На ковре, где стоял шкаф для аквариума, остались вмятины. Знаю, что тётя Уитни видит их — в её глазах красными угольками начинает тлеть злость. Задумываюсь: не пригласить ли её сейчас ещё и на экскурсию в ванную комнату…, но в этот момент из гардеробной выходит мама. Она снимает с вешалки тяжёлую лётную куртку и вручает её тёти Уитни.

Куртка принадлежала отцу моего отца — моему деду, врачу ВВС, до того, как тот ушёл в отставку и занялся в Луизиане крайне прибыльной частной практикой.

Я его едва знал. Дед умер через несколько лет после того, как отцу поставили диагноз и стало ясно, что мой отец не увидит, как будет расти и мужать его собственный сын. Кажется, это была автомобильная авария.

Меховый воротник выглядит так, словно его жевали крысы, а на коже по прошествии многих лет в местах сгиба стали видны белые полоски. Когда я был маленьким, отец часто носил эту куртку. И я был уверен, что в один прекрасный день эта куртка перейдёт по наследству ко мне.
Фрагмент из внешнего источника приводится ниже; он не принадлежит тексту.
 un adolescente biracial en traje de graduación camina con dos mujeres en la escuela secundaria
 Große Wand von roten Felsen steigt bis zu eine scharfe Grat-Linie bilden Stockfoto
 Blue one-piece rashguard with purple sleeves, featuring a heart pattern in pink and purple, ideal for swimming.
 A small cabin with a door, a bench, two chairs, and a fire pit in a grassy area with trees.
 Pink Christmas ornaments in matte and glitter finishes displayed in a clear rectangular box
Но тётя Уитни хочет оставить её в семье.

Дело не в куртке. Мне на неё плевать. Дело в пренебрежительном отношении. Это я ношу имя Уэстфолл. Фамилии моих братьев Блум и Аббот. И теперь, по какой-то извращённой логике, они — более важные члены семьи, чем я.
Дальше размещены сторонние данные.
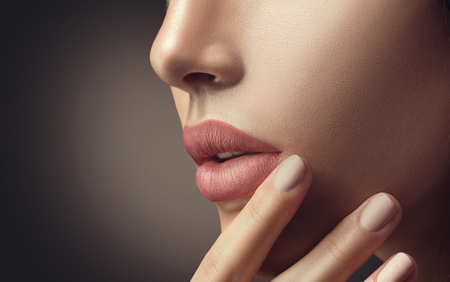 Beauty sexy woman with natural makeup and beige nail polishの写真素材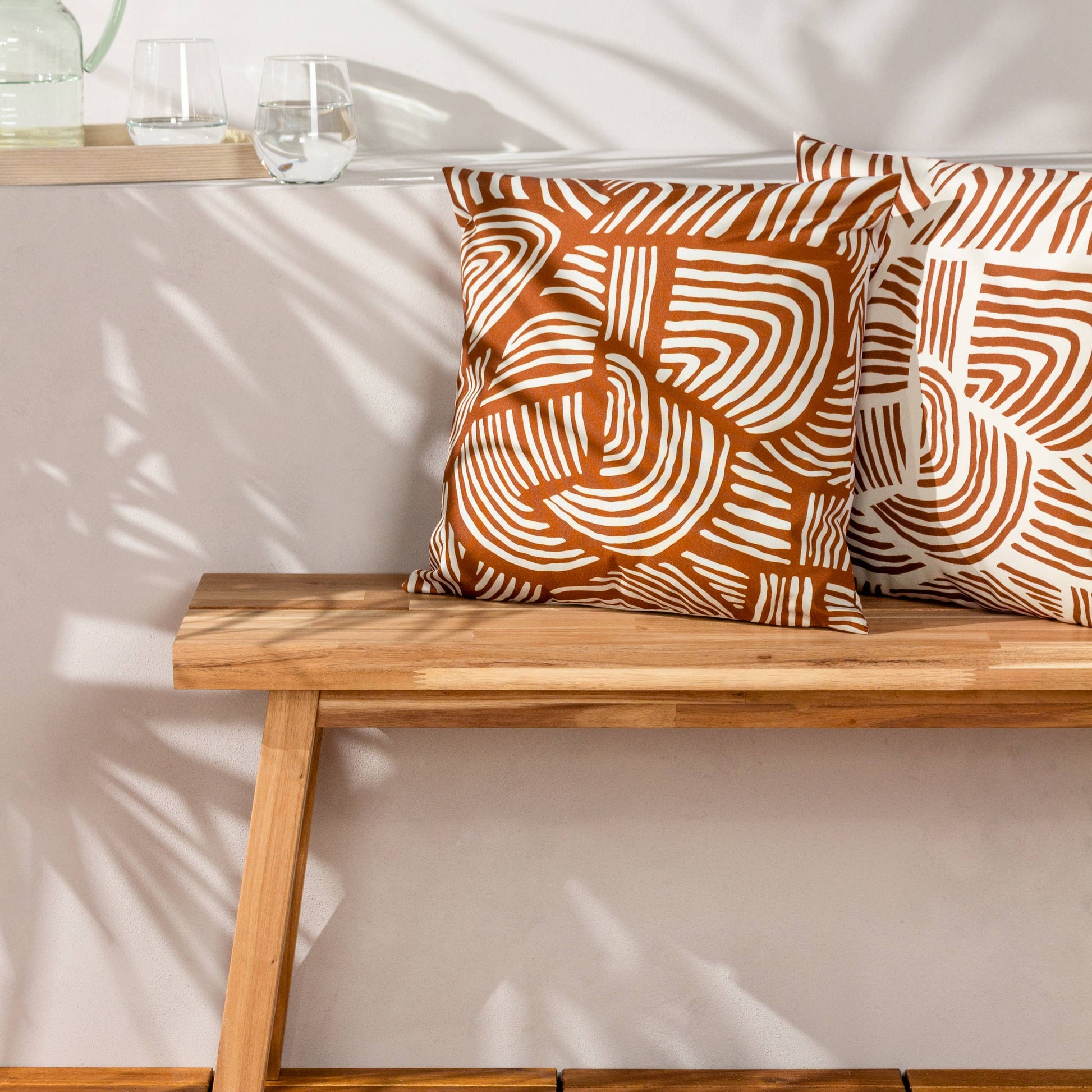 Wooden bench with dunes orange patterned cushions against a neutral wall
Тётя Уитни складывает куртку и гладит рукой кожу, потом кладёт её поверх пледа с совами и безделушками, которые она тоже попросила вернуть. Она обводит комнату пристальным взглядом и проводит рукой по раме кровати:

— Мне бы хотелось вернуть и раму. Когда ты закончишь, конечно. Она принадлежала моей бабушке.
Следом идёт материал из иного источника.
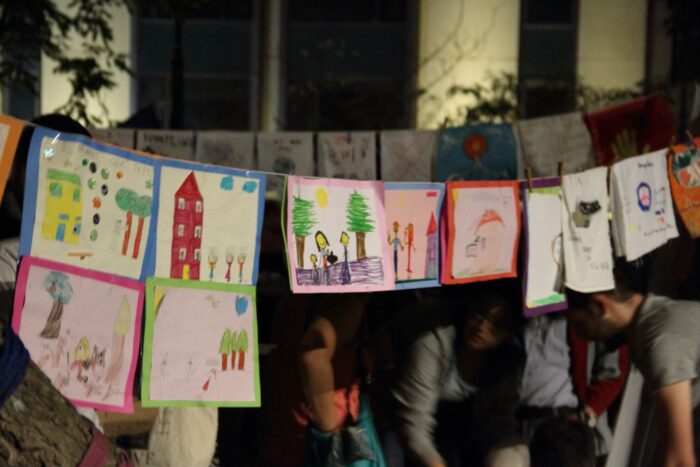 Wahrscheinlich von Kindern gemalte Bilder hängen über dem Taksim-Platz, darunter sitzen Menschen im Kreis.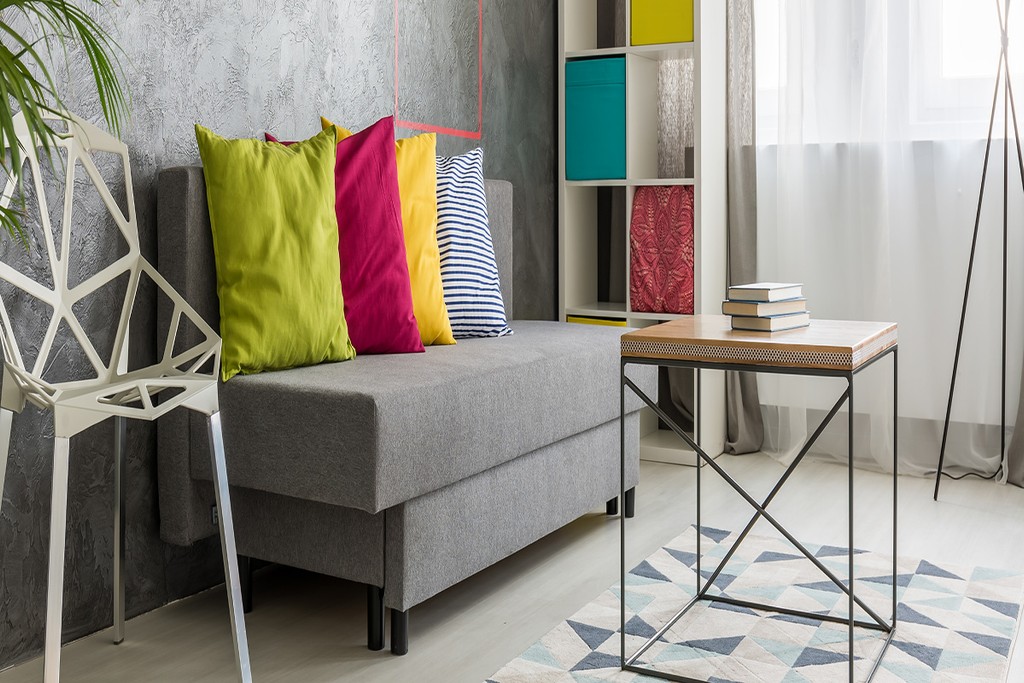 living room with a sofa with coloured pillows and a table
Мама выдерживает её пристальный взгляд, и я вдруг понимаю значение выражения «испепелять взглядом».

— Знаешь что, Уитни? — говорит мама. — Я закончу прямо сейчас!

Она сдёргивает с кровати покрывало, разбрасывая стопку вещей тёти Уитни, и бросает его на шезлонг. Потом берёт простыни и скатывает их в большой шар. И до того, как отвисшая от удивления челюсть тётя Уитни становится на место, мама убирает с кровати всё бельё и с трудом скидывает матрас с пружин.

Осталось сделать только одно. И я берусь с другого конца.

— Это вряд ли необходимо, Кэтрин.

— Ты хотела кровать, ты её получишь.

Тётя Уитни ошеломлённо замолкает и наблюдает, как мы снимаем пружины и освобождаем раму.

— Я не засуну кровать в свою машину, — удивлённо говорит она, поняв, что мы не шутим. — Майклу нужно будет арендовать грузовик, а потом он за ней приедет.

— Ну, — говорит мама, вынося вместе со мной переднюю спинку кровати через дверь спальни, — она будет на лужайке перед домом. Скажешь ему, чтобы сам разбирался.

Когда мы возвращаемся, тётя Уитни расхаживает по гостиной и говорит по телефону. Пока мы снимаем изножье и разбираем оставшуюся часть рамы, до нас долетают обрывки её разговора и слова «абсурд», «злопамятная» и «неблагодарные». Мы подбираем части рамы, и вдруг мама начинает смеяться, и я, не удержавшись, тоже.

Наконец всё сложено в кучу на лужайке перед домом. Мне бы хотелось закинуть на самую верхушку ещё кое-что — мою фамилию. Уверен, что, как только тётя Уитни задумается над этим, то сразу попросит вернуть и её.